Additionally, this involves expanding and deepening our partnerships with device makers and mobile and TV operators to reach and serve our members around the world.

We recognize that in some parts of the world, mobile is the primary way many people access the Internet. We are improving our mobile experience, including sign up, credentials & authentication, the user interface, and streaming efficiency for cellular networks.

In Q4, we began rolling out complexity based encoding. By encoding videos based on the type of content (a visually complex action movie vs. a simpler kids animated title, for example) rather than just based on the amount of bandwidth available to a member, we can deliver higher resolution streams at lower bit rates, resulting in bandwidth savings.

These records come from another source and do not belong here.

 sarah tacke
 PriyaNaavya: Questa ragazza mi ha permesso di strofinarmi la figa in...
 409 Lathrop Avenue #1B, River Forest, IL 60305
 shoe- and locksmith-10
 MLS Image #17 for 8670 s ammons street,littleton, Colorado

We have long used a blacklist to prevent cross-border content viewing via proxies and “unblockers.” Recently, we have begun to use a new blacklist and other techniques, as are other SVOD services, as desired by content licensors. Ultimately, our goal is to let members around the world enjoy all the content we have through global licensing.

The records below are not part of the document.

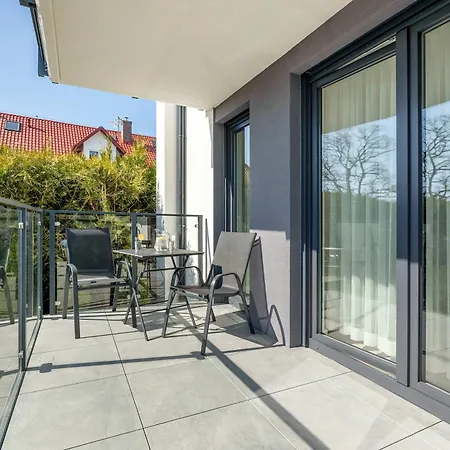 Eleganckie Blisko Plazy W Niechorzu Z Klimatyzacja W Salonie I Parkingiem By Renters 니에초르체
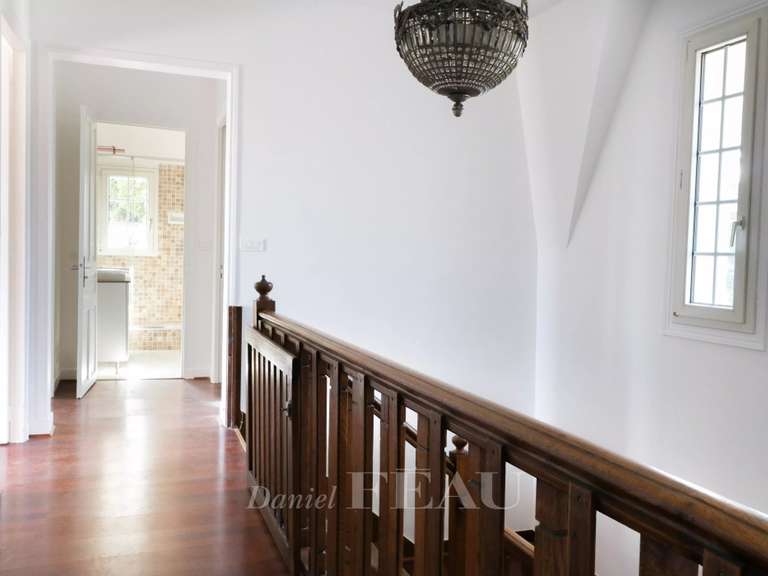 House Villennes-sur-Seine - 3 bedrooms - 210m²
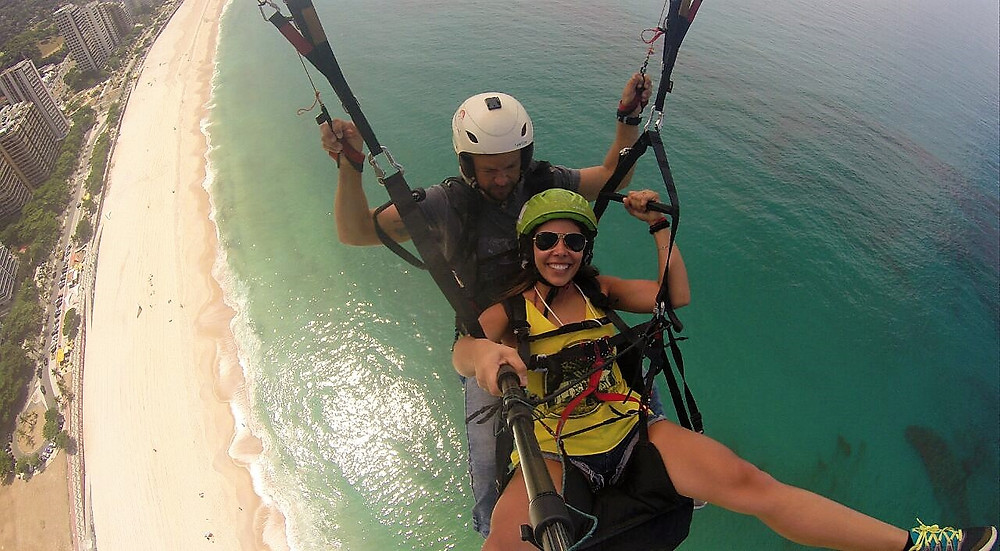 viaje com pouco - voo de parapente em sao conrado rio de janeiro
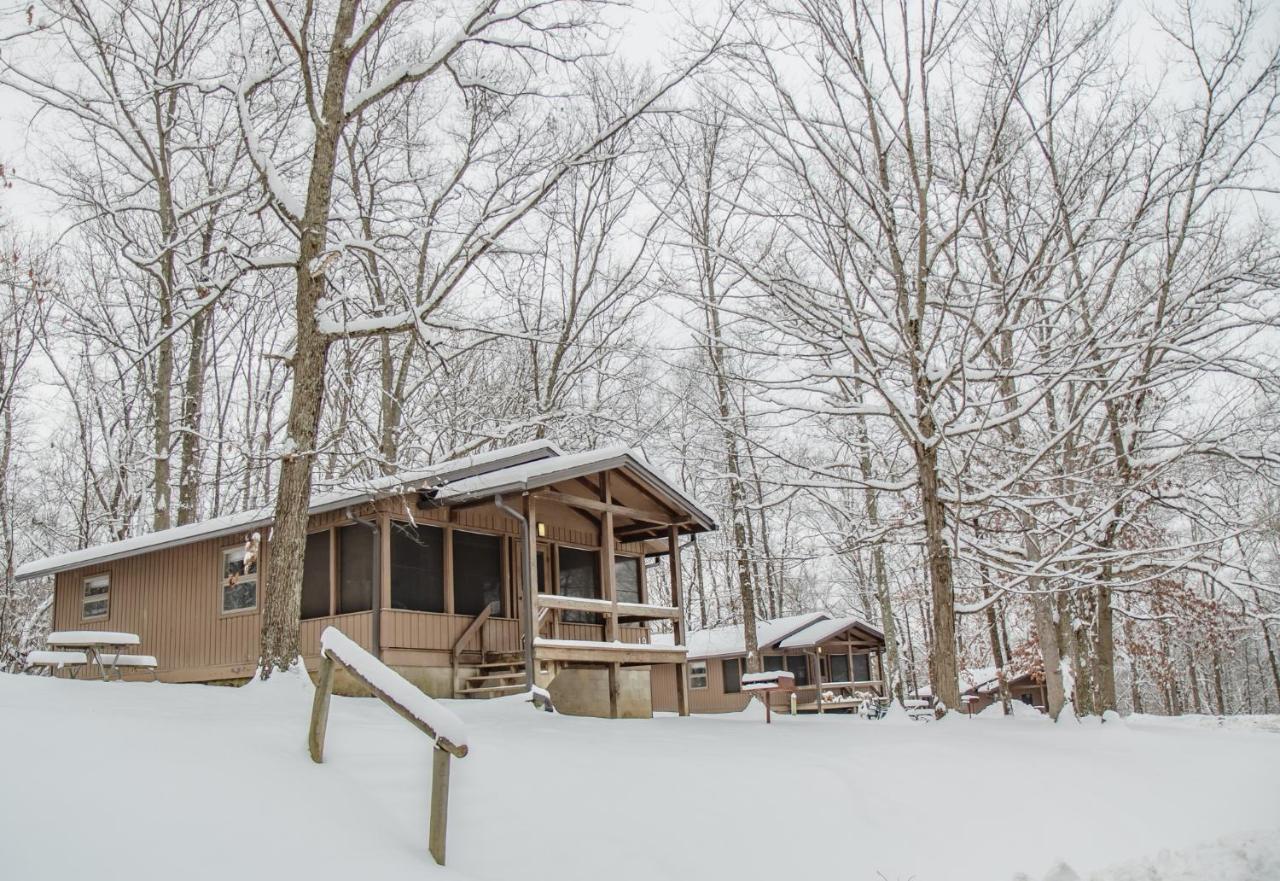 Burr Oak Lodge And Conference Center Glouster Eksteriør billede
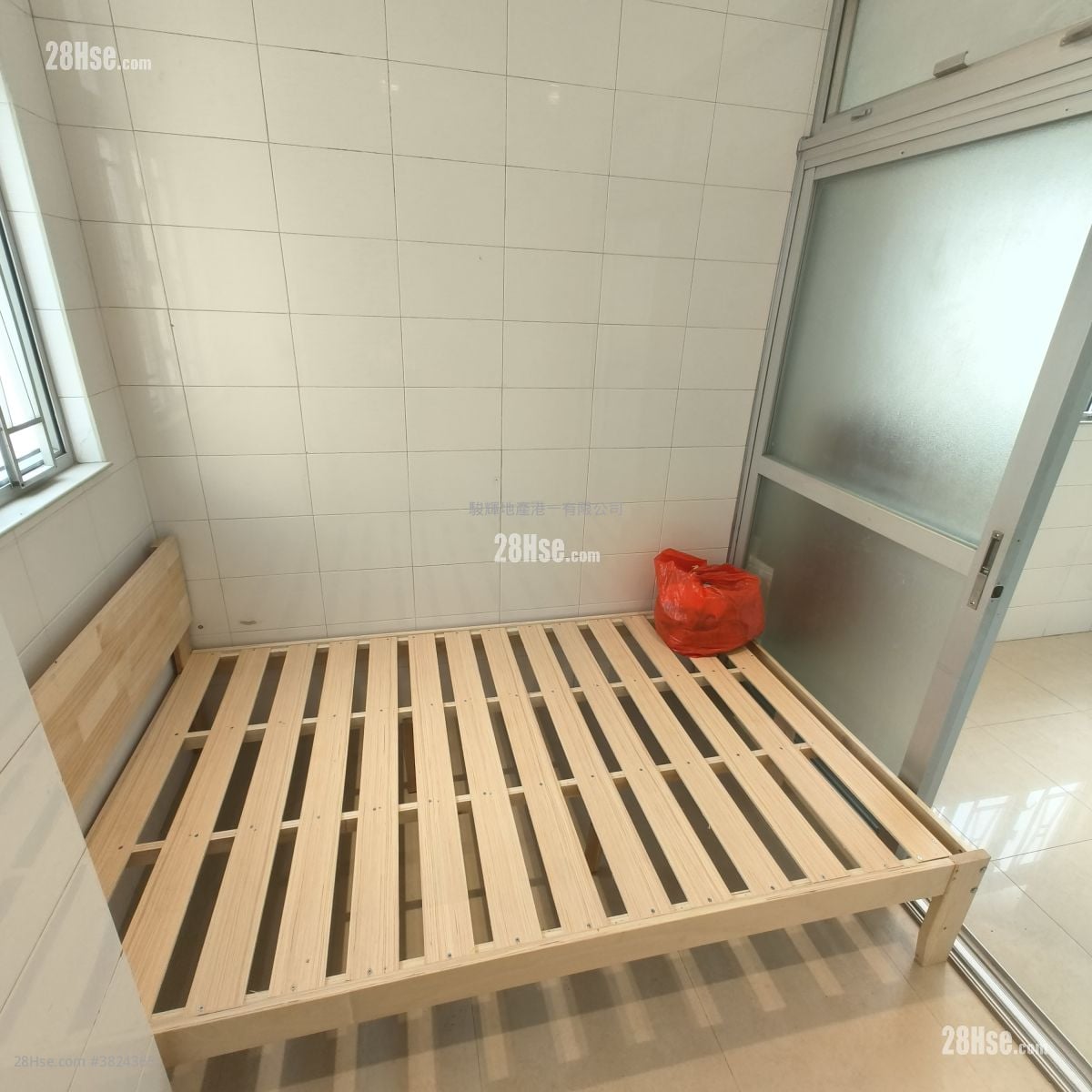 Hoi Yuen Mansion Rental 1 Bedroom , 1 Bathroom 180 ft²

Promoting high quality, exclusive titles continues to be the best driver of consumer demand for Netflix. Our recent new market launches reflect this philosophy, and our all-digital, content-led marketing approach is working. Our brand strength is rising in many studies, including a #2 ranking reported in AdWeek for the USA. Around the world, our all digital approach makes us efficient and relevant to active Internet users everywhere.



Our focus on “winning moments of truth” means that we compete with all of the activities that consumers can engage in during their leisure time, such as reading a book, playing videogames, watching linear TV, movie theatre-going, etc. Given the broad array of options, we are privileged that our members around the world continue to devote more time to Netflix, streaming 42.5 billion hours in 2015, up from 29 billion hours in 2014.

In addition, looking at just the online segment, the most recent Sandvine data illustrates that our share of peak North American downstream Internet traffic continues to grow. Please note that the deployment of complexity based encoding, as described above, will result in what appears to be slower growth in Netflix traffic in future third-party reports such as Sandvine (which measures peak megabits, not peak viewing hours).

As we have said previously, Internet TV will likely have multiple winners as the various services are not direct substitutes for each other given differing sets of content. A closer look at the Sandvine data shows that the entire Over-the-Top category is growing as consumers increasingly embrace Internet TV and on demand viewing and, even better, this growth is coming at the expense of piracy.


Free Cash Flow and Capital Structure

Free cash flow amounted to -$276 million in Q4 and -$921 million for the full year 2015. As a reminder, our investment in originals, particularly owned content, requires more cash upfront relative to licensed content, which will continue to dampen free cash flow. We finished Q4 with debt of $2.4 billion, unchanged from the prior quarter, and with cash & equivalents and short-term investments of $2.3 billion.

Given our expected cash needs, we are likely to raise additional debt in late 2016 or early 2017. We are managing our balance sheet to lower our blended cost of capital over time, while maintaining financial flexibility. Despite being FCF negative as we grow our original content and invest in international, our bonds trade like a BB credit (vs. their single B rating) due, in part, to the long-term growth of Internet TV globally and our low debt to market cap ratio, which provides bond investors with a very thick cushion of protection.



Our DVD-by-mail business in the US continues to serve more than 4.9 million members. We are pleased that our DVD business is managing the decline well, despite increasing postal costs, generating $80 million in contribution profit in Q4.



For quick reference, our eight most recent investor letters are: October 2015, July 2015, April 2015, January 2015, October 2014, July 2014, April 2014, January 2014.



We are thrilled to be available worldwide ex-China. What fun we are having making our service popular in Thailand, Poland, Australia, Chile, France and over 180 other countries.